UCITS V: Strengthening the EU brand name in funds

23 October 2015
UCITS V: Strengthening the EU brand name in funds
Back in 1985, the original UCITS Directive (85/611/EEC) created the internal market for investment funds in Europe. “UCITS” or “Undertakings for the Collective Investment in Transferable Securities” are investment funds regulated at European Union level. They account for around 75% of all collective investments by small investors in Europe.
The current EU legislation for investment funds (the UCITS Directive) has been the basis for an integrated market facilitating the cross-border offer of collective investment funds. Managing almost €6 trillion in assets, UCITS have proved successful and are widely used by European retail investors. UCITS are also regularly sold to investors outside the EU where they are valued due to their high level of investor protection.
UCITS funds can take many forms, depending on where they invest. They can be equity funds (funds that invest in shares of companies), money market funds (funds that invest in short-term debt securities), bond funds (funds that invest in bonds or other debt securities), they can be mixed funds, exchange traded funds (funds that track an index, a commodity or a bond), the list practically limitless. 

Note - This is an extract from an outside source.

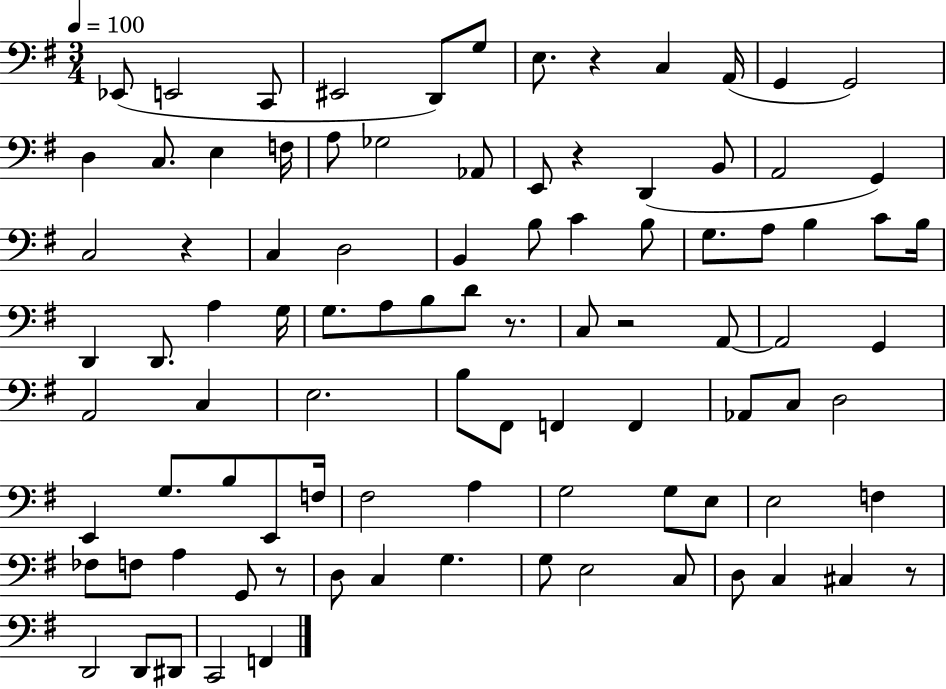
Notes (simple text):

Since 1985, the UCITS Directive has been amended five times, in order to take into account market developments and the experiences of market participants and supervisors. In Cyprus, the UCITS Directive has been transposed into national Law by the Open Ended Undertakings for Collective Investments Law of 2012 (L. 78(I)/2012).

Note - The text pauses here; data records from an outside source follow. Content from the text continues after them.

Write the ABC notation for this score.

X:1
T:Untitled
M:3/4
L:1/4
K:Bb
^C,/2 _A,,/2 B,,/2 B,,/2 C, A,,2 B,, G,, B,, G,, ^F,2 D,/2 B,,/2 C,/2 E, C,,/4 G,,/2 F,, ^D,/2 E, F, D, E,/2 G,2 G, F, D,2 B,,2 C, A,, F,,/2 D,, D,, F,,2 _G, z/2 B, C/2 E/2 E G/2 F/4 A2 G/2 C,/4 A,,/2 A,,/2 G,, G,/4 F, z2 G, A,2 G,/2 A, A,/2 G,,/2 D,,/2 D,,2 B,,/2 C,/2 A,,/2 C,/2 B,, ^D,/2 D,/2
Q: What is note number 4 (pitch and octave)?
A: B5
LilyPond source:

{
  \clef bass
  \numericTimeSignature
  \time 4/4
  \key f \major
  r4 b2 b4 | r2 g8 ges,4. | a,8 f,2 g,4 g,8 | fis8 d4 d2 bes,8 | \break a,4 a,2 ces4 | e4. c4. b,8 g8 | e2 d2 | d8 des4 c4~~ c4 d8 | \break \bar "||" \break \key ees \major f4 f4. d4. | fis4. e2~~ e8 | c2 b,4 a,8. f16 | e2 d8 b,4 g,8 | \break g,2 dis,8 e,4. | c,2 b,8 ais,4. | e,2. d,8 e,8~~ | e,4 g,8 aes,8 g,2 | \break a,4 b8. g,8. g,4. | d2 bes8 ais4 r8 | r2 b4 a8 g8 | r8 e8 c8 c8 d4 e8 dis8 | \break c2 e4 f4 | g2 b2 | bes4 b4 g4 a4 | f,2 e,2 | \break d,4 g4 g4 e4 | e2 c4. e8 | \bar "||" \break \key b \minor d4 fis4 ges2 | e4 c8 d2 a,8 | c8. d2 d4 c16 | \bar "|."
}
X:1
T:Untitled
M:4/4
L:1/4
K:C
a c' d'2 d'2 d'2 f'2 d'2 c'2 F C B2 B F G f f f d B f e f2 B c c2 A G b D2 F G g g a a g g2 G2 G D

The latest amendment to the current UCITS rules (UCITS V Directive) is based on the experience from the financial crisis, and aims to continue to ensure the safety of investors and the integrity of the market. In particular, UCITS V will ensure that the UCITS brand remains trustworthy by ensuring that the depositary's (the asset-keeping entity) duties and liability are clear and uniform across the EU, there are clear rules on the remuneration policy of UCITS managers and there is a common approach to sanctions regarding breaches of the legal framework. Directive 2014/91/EU (the UCITS V Directive) must be transposed into national legislation by 18 March 2016.
As mentioned above, UCITS V Directive addresses three areas:
1.      A precise definition of the tasks and liabilities of all depositaries acting on behalf of a UCITS fund;
2.      Clear rules on the remuneration of UCITS managers: the way they are remunerated should not encourage excessive risk-taking. Remuneration policy will be better linked with the long-term interest of investors and the achievement of the investment objectives of the UCITS; and
3.      A common approach to how core breaches of the UCITS legal framework are sanctioned, introducing common standards on the levels of administrative fines so as to ensure they always exceed potential benefits derived from the violation of provisions.
Regarding the new remuneration policy being introduced, it tries to control the risky behavior of people in a position to take added risks during the management of UCITS. These are usually the people who take investment decisions, like investment advisors, analysts and senior management. The Directive forces UCITS management companies to introduce sound and effective risk management. In particular, it limits variable remuneration to exceptional circumstances and pay-for-performance is limited to the first year of engagement.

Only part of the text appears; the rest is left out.